Virtually everyone I have spoken with agrees 2020 was a terrible year. We all want to make certain 2021 is better. The problem is that a lot of things are out of our control.
A small thing we can control during 2021 is to use the correct words and phrases when we prepare resumes and job search correspondence. Grammar checkers and spellcheckers miss things. Even worse, they are sometimes wrong.
Here are 10 examples of words and phrases that I’ve seen job seekers get wrong, or that have been discussed in blog posts about incorrect usage.
1. Principal vs. Principle
This is the first word-pair that comes to mind when I think about incorrectly used words because one of my first executive-level clients had the job title Elementary School Principal. I was certain that Helene was using the correct word because she was a school principal for 30 years, but I checked with Google anyway.
“Principal” is the head of a school. A principal can also be in charge of something specific in an organization, such as a principal economist. A principle, on the other hand, is a first rule. One way to think about it is that the School Principal sets down the school’s guiding principle.
You will not get this wrong if you are a school principal, or principal investigator on a research team. Nonetheless it’s worth keeping this one in mind.
2. The accountant does not do “trail balances.”
About 15 years ago, I watched a presentation of cover letter bloopers a recruiter gave at a popular lecture series for job-seekers in Manhattan. A junior accountant’s cover letter wound up in the recruiter’s slide deck because he included “preparing trail balances” as part of his skillset. Accountants do “trial balances.”
This does not really qualify as a misused word error—it’s a typo your spellchecker will not catch because “trial” and “trail” are valid words.
3. Has our job posting peaked your interest?
Your job announcement piqued my interest. A peak is a topmost point, as in a mountain peak. Pique, on the other hand, is to upset or excite. So the job lead should have excited, or piqued my interest.

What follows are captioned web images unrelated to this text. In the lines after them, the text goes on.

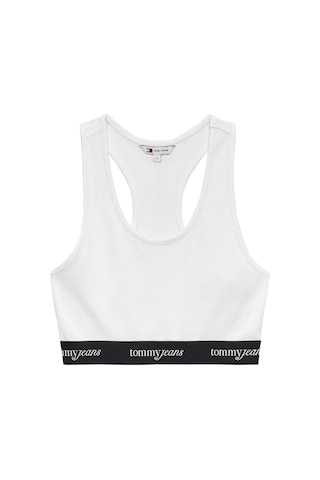 Tommy Hilfiger Tjm Kadın Beyaz Crop Tape Bra Top-13043 Beyaz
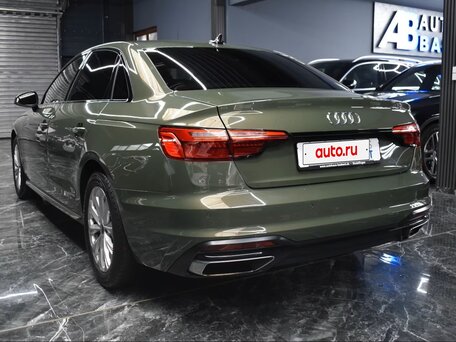 2023 Audi A4 30 TDI V (B9) Рестайлинг, зелёный, 3380000 рублей, вид 5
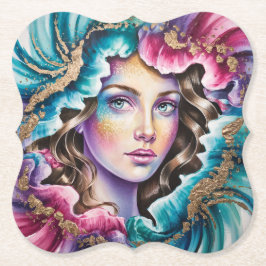 Dreamlike Art Portrait Untersetzer Set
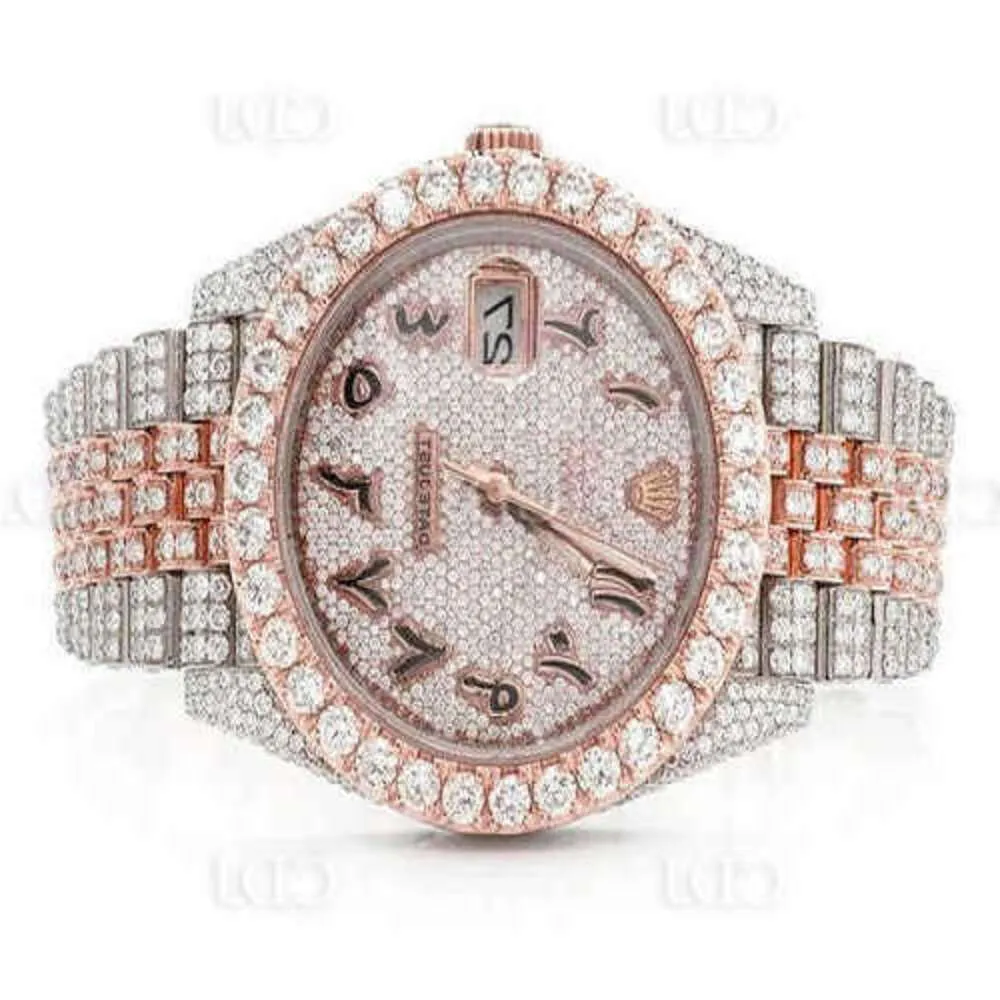 NFN8 Роскошный лучший бренд y Iced Out для свадьбы VVS Moissanite Diamond Watch Мужские часы Iced Out в стиле хип-хоп из нержавеющей стали Автоматические часы3LSZ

4. Are you making due or making do with the situation?
Christina DesMarais, in an Inc. blog post, pointed out that this is another confusing idiomatic expression. “Make do is the proper way to say that you’re going to get along with what you have.” The word “due” means “owed,” so this is not the meaning you are trying to convey. If the result of your work was that the agency could “make do with its current case management system, instead of acquiring a new system” that is the way you should write the statement.

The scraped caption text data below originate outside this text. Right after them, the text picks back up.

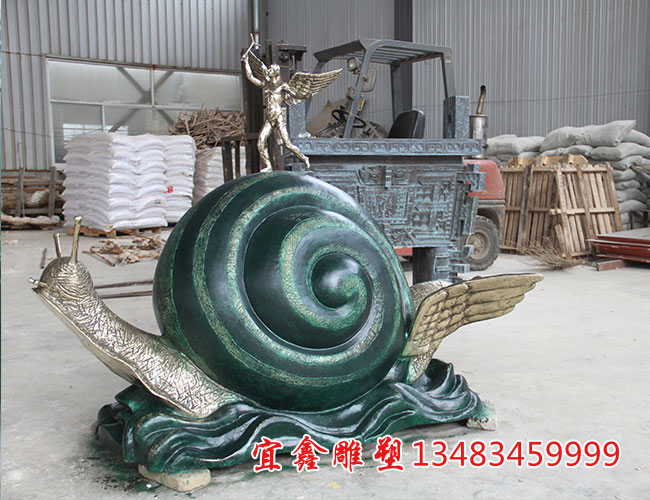 动物铸铜雕塑-蜗牛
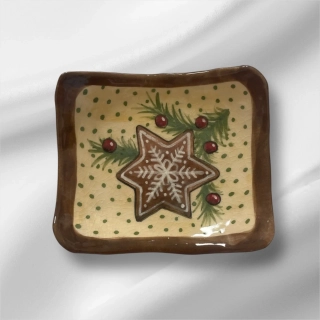 Hand - made - Keramická miska Perníková hviezdička zimného pokoja
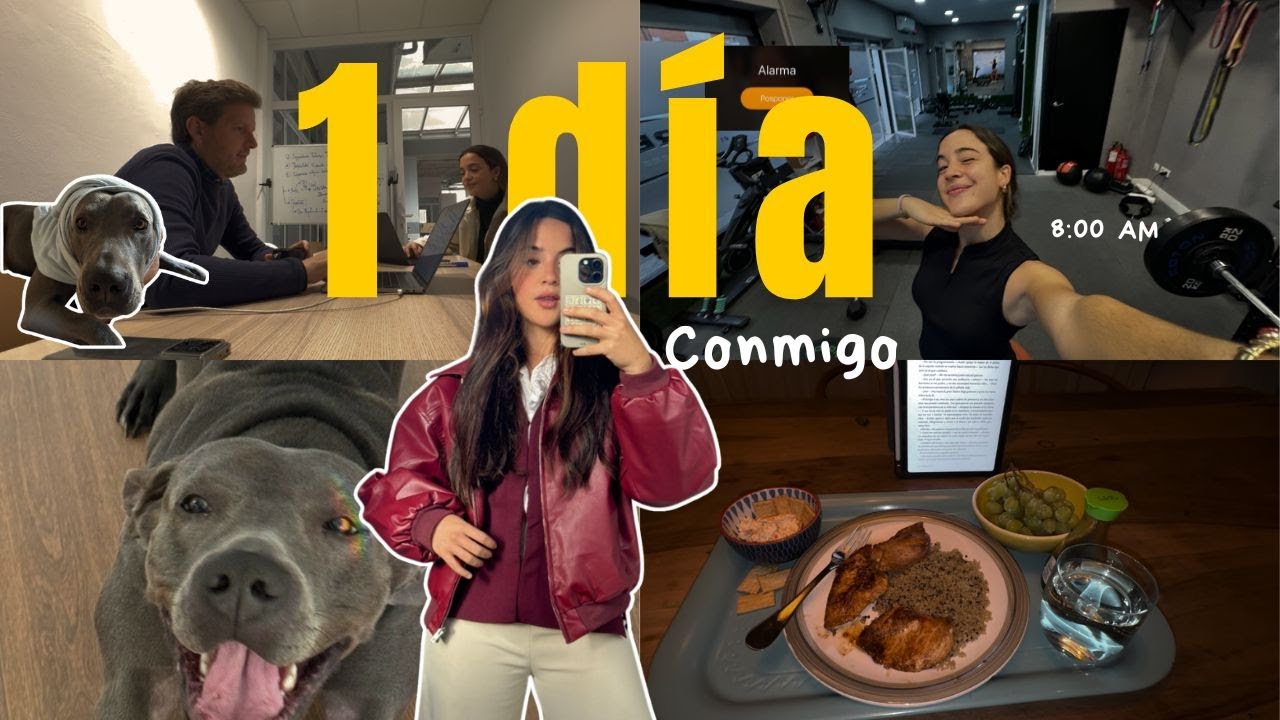 Un día conmigo siendo emprendedora y acabando la carrera!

5. Are you stationary when you write a note on your stationery?
My wife proofed a resume with me a few weeks ago and suggested I check whether I was using the word “stationery” correctly. Spellcheck accepts both. Dictionary.com quickly confirmed that stationery is “writing materials, as pens, pencils, paper, and envelopes.” Stationary refers to standing still.
6. Wear a costume when this is the custom.
Resumes have crossed my screen over the years with the words “costume” and “custom” confused, although they look like very different words to me. Like many confused words, both pass the spellcheck test.
7. Did you whet your appetite or did you wet your appetite?
According to Christina’s post. whet means to “sharpen,” so you are saying something sharpened your appetite. So “whet,” rather than wet is the correct word to use. For example, one of my early cover letters when I graduated college said that “my internship reviewing a program at Budget and Credit Counseling Service whet my appetite for doing program evaluation.” (I got the job.)
8. Our general counsel is chairperson of the Diversity Council.
It is unlikely you will confuse the words “council” or “counsel” if you work in a general counsel’s office or serve on a diversity council. Nonetheless, I have occasionally felt the need to clarify whether an entry-level job seeker I was speaking to worked in a counselor’s office, or worked for a council of some sort. Sometimes the answer is that they worked for a counselor that sat on a council.
9. Am I a shoo-in for this job, or am I a shoe-in?
According to the Inc. article, “you are urging something in a certain direction when you ‘shoo’ something” so shoo is the correct word. You probably feel the job fits you like a shoe, but it is not considered correct usage to write that you are a “shoe-in.” As a cover letter writer, I feel that stating “I am a shoo-in for your open position” would be too informal, and perhaps expresses overconfidence.
10. Should I take the express into Manhattan to have an expresso with you?
We will start emailing and texting our industry contacts to invite them for meetings in a coffee shop where we can have espresso with them when the Pandemic ends. The correct word, according to Grammar.com, is “espresso,” even though my MS-Word spellchecker accepts “expresso.”
Supervisors and managers have always told me they value team members that speak and write well, so start off “on the right foot” when you send informal texts and notes. If you are still not certain I am correct, invite your contacts for a coffee meeting.
There are probably hundreds, if not thousands, of confusing words and phrases in the English language, so Google the word if you are not sure.